Gen Z gelecekteki iş akışını nasıl etkileyecek?
Gen Z gelecekteki iş akışını nasıl etkileyecek?
Anonim

Baby boomer kuşağı hakkında çok şey duyduk, hakkında çok şey okuduk, bir yerlerden güzel “kayıp nesil” adını hatırlıyoruz. Ancak Z Kuşağı ve Alfa hakkında fazla bir şey bilmiyoruz. Boşlukları doldurmaya çalışalım: Yeni doğan Z kuşağının gelecekte iş akışını nasıl değiştireceğine dair makalemizi okuyun.

Gen Z gelecekteki iş akışını nasıl etkileyecek?
Gen Z gelecekteki iş akışını nasıl etkileyecek?

Nesiller arasındaki çizgiler genellikle oldukça bulanıktır. Genellikle işyerimizde farklı yaşlarda oldukça fazla sayıda insanla kesişmemiz gerekir. Hepimiz aynı anda yaşıyoruz ve bazen becerilerimiz ve yetkinliklerimiz önemli ölçüde farklılık gösterse de birbirimizle etkileşime girmeye zorlanıyoruz.

Demograflar, dünya nüfusunu sekiz nesile ayırma eğilimindedir.
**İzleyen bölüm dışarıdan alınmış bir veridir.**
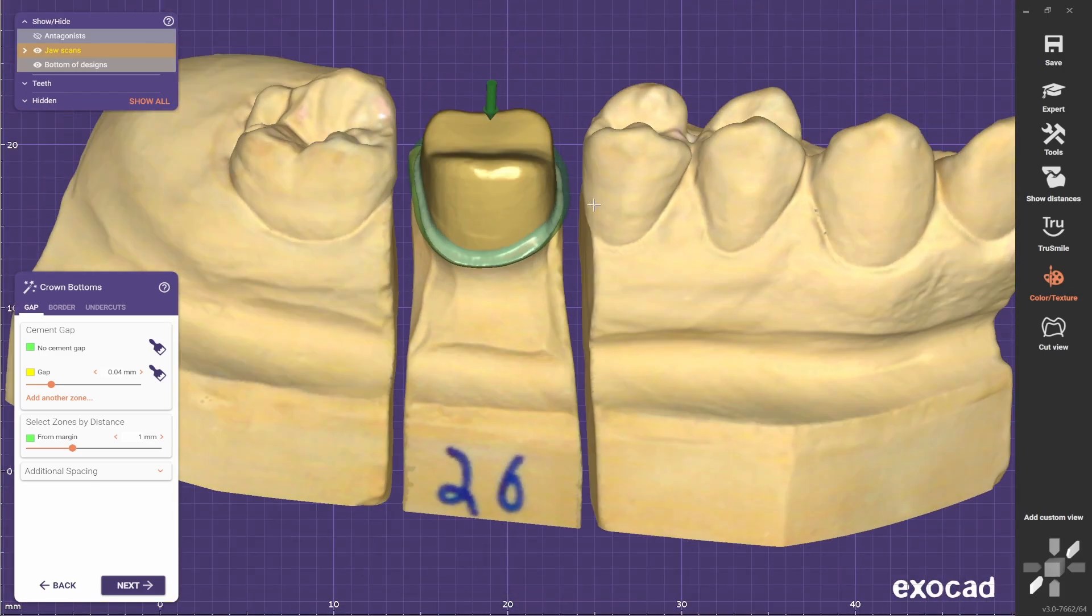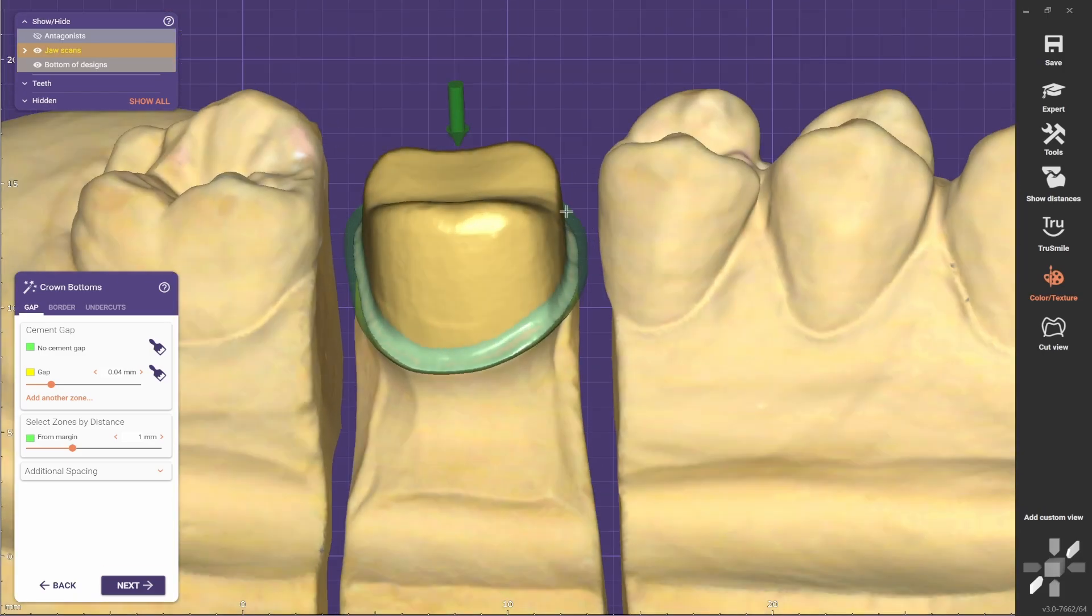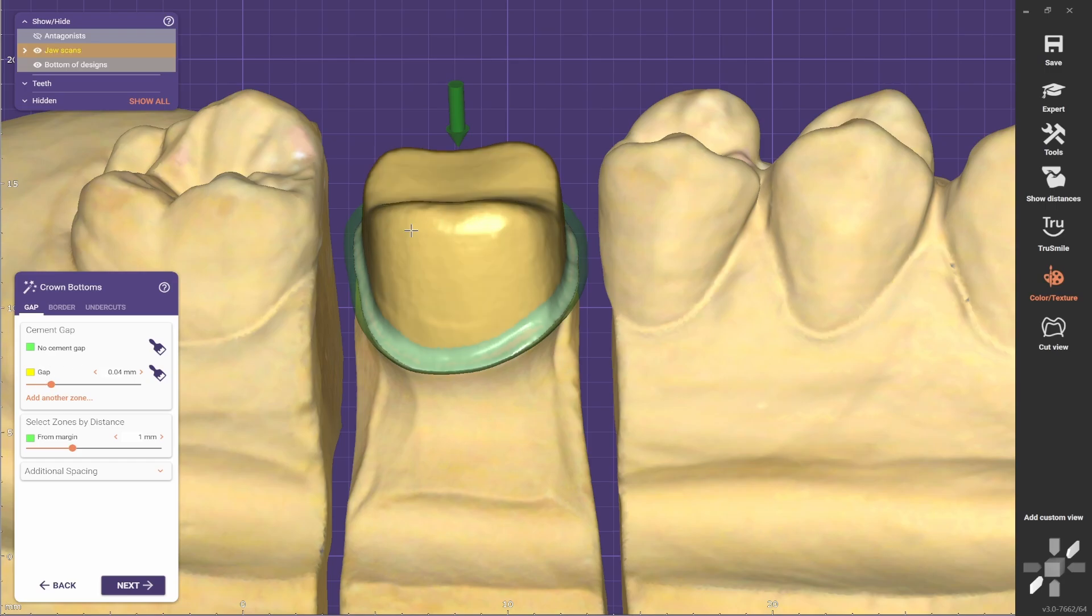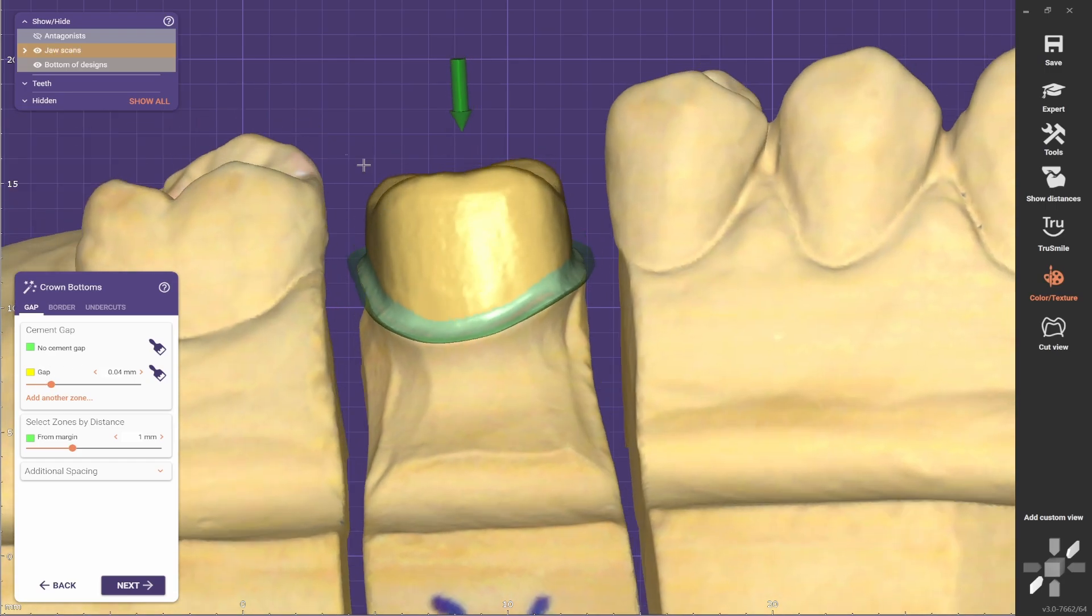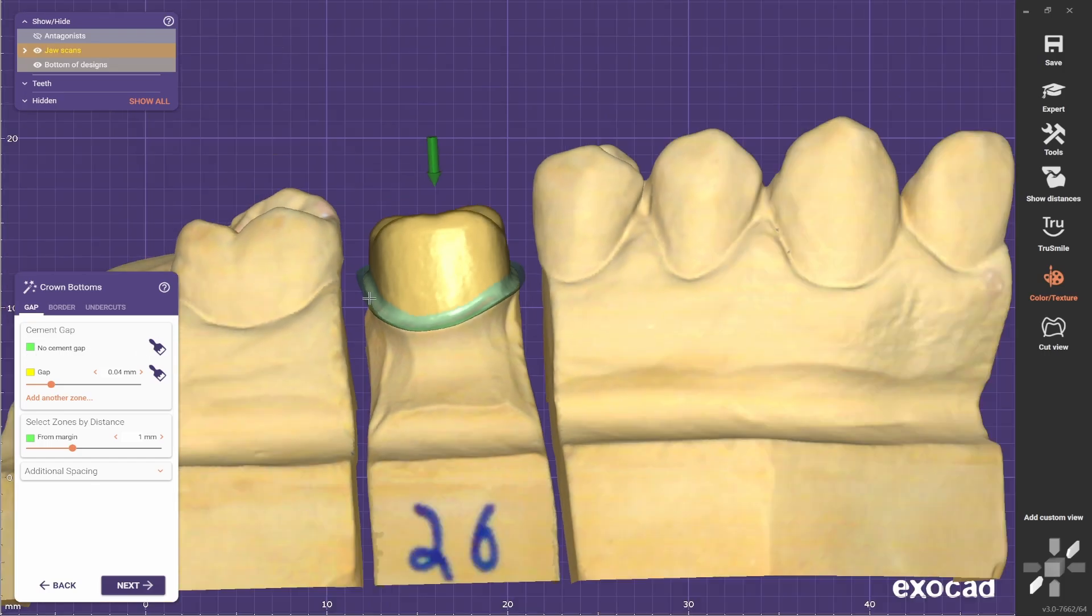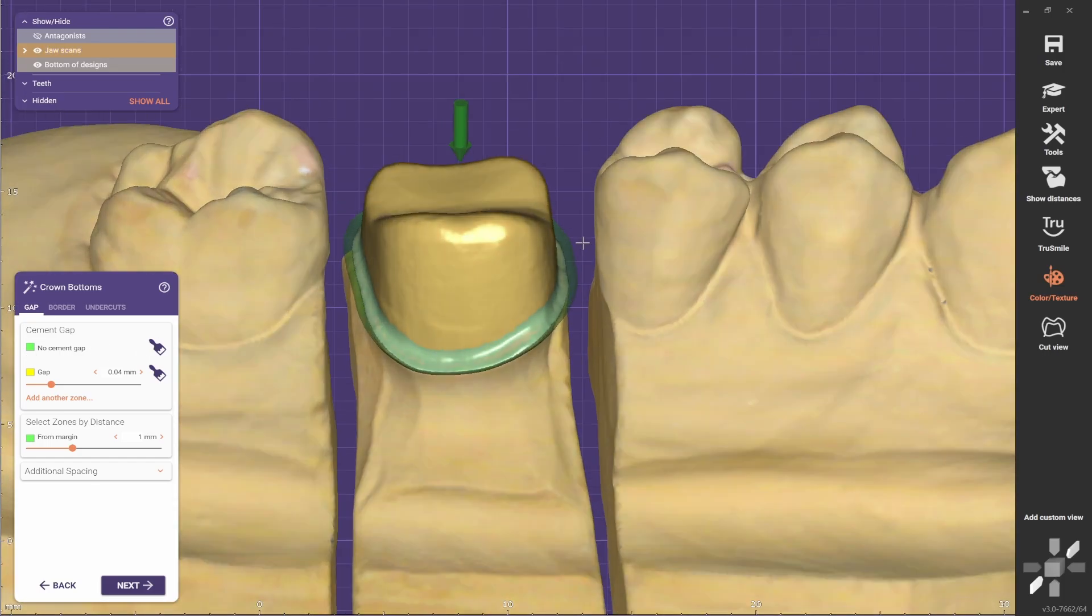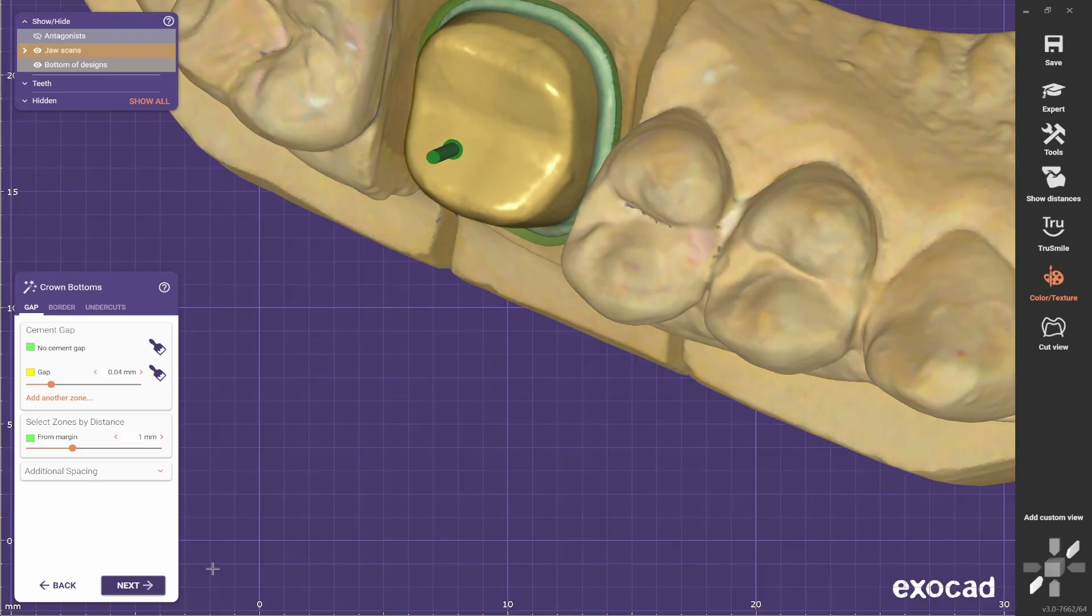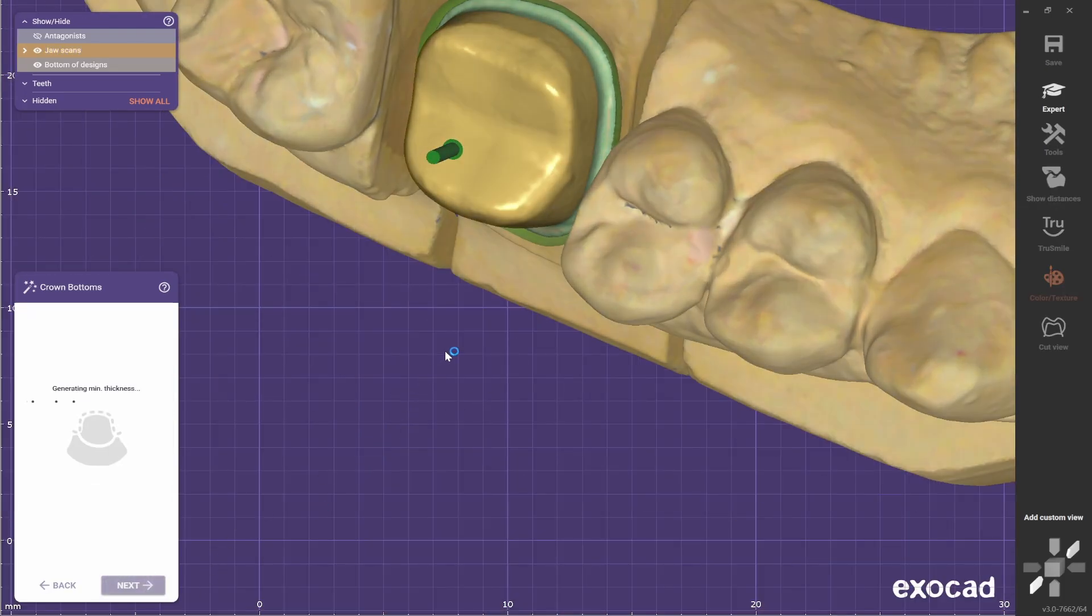At this stage you can change the cement cap again. The yellow represents the cement cap and the green part is where there is no cement, like a sealing around the margin. So go next.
1. Kayıp Kuşak - 1880-1900 doğumlu.

2. En Büyük Nesil, kazananların nesli (En Büyük Nesil) – 1901-1924 doğumlu.

3. Sessiz Nesil - 1925-1945 doğumlu.

4. Baby Boomers (Baby Boom Generation) - 1946-1964 yıllarında nüfus patlaması çağında doğdu.

5. Nesil X, bilinmeyen nesil (X Nesil) - 1965-1982 doğumlu.

6. Y Kuşağı, Y Kuşağı (Y Kuşağı) - 1983'ten 1990'ların ortasına kadar doğdu.

7. Nesil Ζ, "YAYAYA" nesli (MeMeMe Nesli) - 1990'ların ortasından 2000'lerin ortasına kadar doğdu.

8. Nesil Alfa - 2010'dan sonra doğdu. Muhtemelen, bu neslin 2025'ten önce doğan tüm temsilcilerinin adı bu olacak.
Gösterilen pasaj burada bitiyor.